Reingehört: Nneka – Soul Is Heavy

Wenn man Nneka glauben darf, bringt ihr Gesang die Zuhörer reihenweise zum Weinen. Dabei hat Nnekas musikalische Mischung aus Soul, Hip-Hop, Reggae und R’n’B beim ersten Hören eigentlich nichts Sentimentales an sich. Auch ihr neues Album „Soul Is Heavy“ drückt nicht übermäßig auf die Tränendrüse.

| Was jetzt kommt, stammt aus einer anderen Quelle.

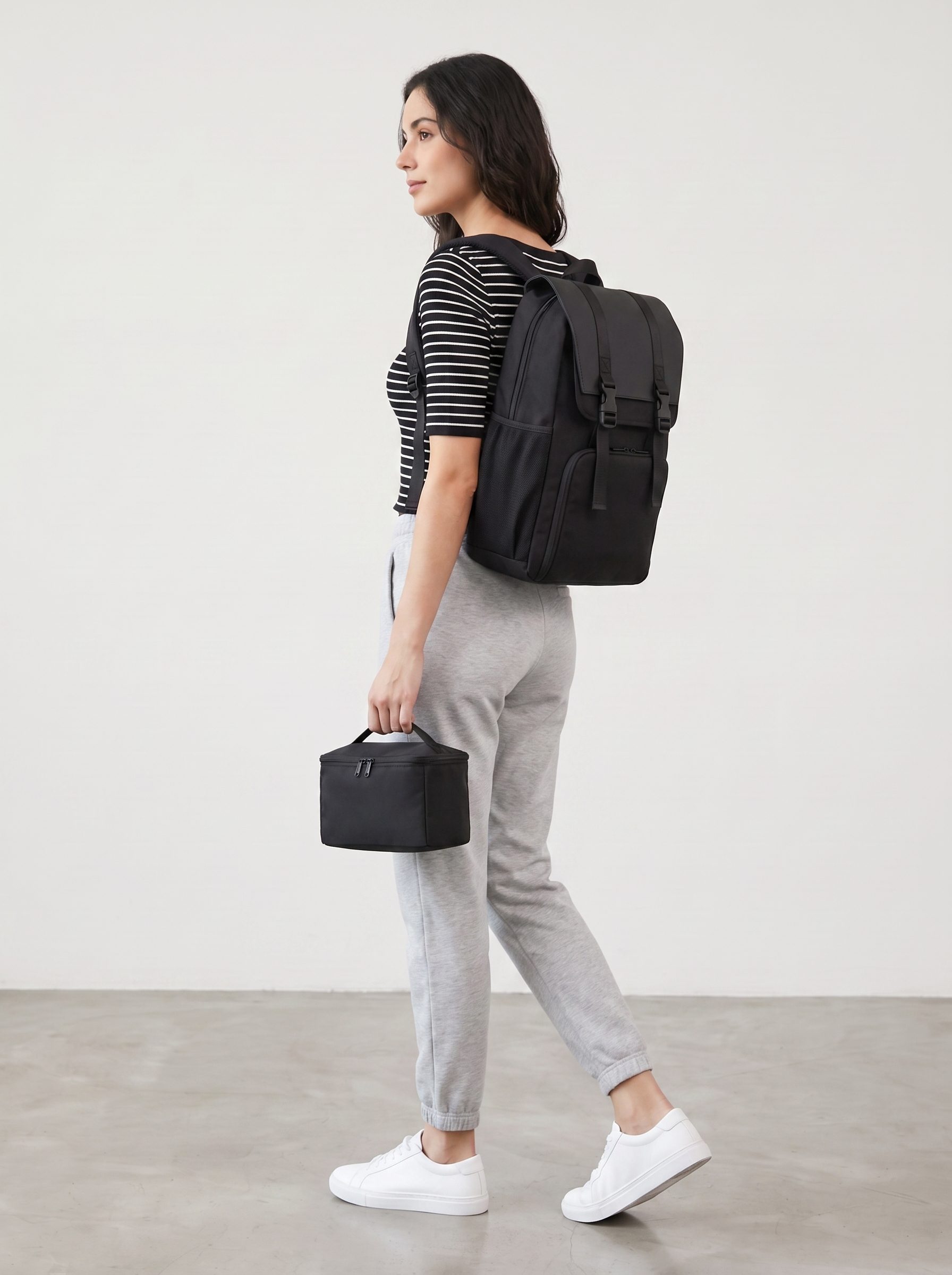 Rhoslyn Women's Water-Resistant Nylon Laptop Backpack, Work Travel Bag - Black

Mit 18 Jahren ist Nneka Ende der Neunziger nach Deutschland gekommen. Doch ganz verlassen hat sie ihre Heimat Nigeria nie. Zuletzt hat sie sogar wieder mehr Zeit in Afrika verbracht als in ihrer deutschen Wahlheimat Hamburg.

Nneka lebt zwischen den Welten, und das schlägt sich auch in ihrer Musik nieder. Besonders in ihrem ersten Album von 2005. Damals war sie noch nicht richtig in Deutschland angekommen, wusste nicht, wo sie hingehörte. Die Verstörung darüber hat man dem Debüt angehört, meint Nneka.

Mein aktuelles, drittes Album Soul Is Heavy klingt aufgeräumter als die beiden vorigen. Mittlerweile habe ich akzeptiert, dass ich beides bin: Nigerianerin und Deutsche. Und das finde ich großartig, denn Bob Marley, Malcolm X oder Barack Obama sind schließlich auch von gemischter Abstammung.

Nneka hat sich große Vorbilder gesucht. Und genau wie diese hat sie politische Botschaften im Gepäck, singt besorgt über Afrika, über Korruption, Ausgrenzung und Umweltzerstörung. Mit ihrer Musik will Nneka die Mächtigen wachrütteln. Als politische Aktivistin sieht sie sich aber nicht – dazu fehle ihr das nötige Wissen, bekennt sie.

Ich bin in Nigeria an einem sehr feindseligen Ort aufgewachsen. Deshalb finde ich es ganz natürlich, dass ich heute über die Probleme in der Welt singt. Als Musikerin nur zu unterhalten, wäre mir einfach zu wenig.

Wer Musik mit allzu viel politischer Botschaft weniger mag, kann über die oft schwermütigen Texte auch hinweghören. Denn Soul Is Heavy hat auch musikalisch viel zu bieten: Das Album steckt voller Soul, es klingt nach Hip-Hop, Reggae und manchmal Dubstep. Und Nneka findet immer wieder wunderbar eingängige, warme Melodien. Neu erfunden hat sich Nneka nicht. Dass sie neben Ohrwürmern auch die etwas härtere Gangart noch beherrscht, zeigt zum Beispiel eine Zusammenarbeit mit Rapper Black Thought von den Roots.


Dennoch scheint ihr etwas die Wut abhanden gekommen zu sein. Auf Soul Is Heavy überwiegen die gefälligen Songs. Vielleicht ein Zugeständnis an die Plattenfirma, die natürlich Hits hören wollte. Auch wenn Nneka das so nicht zugibt:

Meine Plattenfirma hat mir ein paar Mal gesagt, dass ich die Songs nochmal überarbeiten soll, damit sie sich besser verkaufen. Aber am Ende habe ich klargestellt: Hört zu, so klingt meine Musik eben.

Gut so, denn potentielle Singles gibt es genug auf Soul Is Heavy. Trotzdem bewahrt sich Nneka noch ihren eigenen Sound. Das Album ist also ein Kompromiss – aber kein fauler, sondern ein gelungener.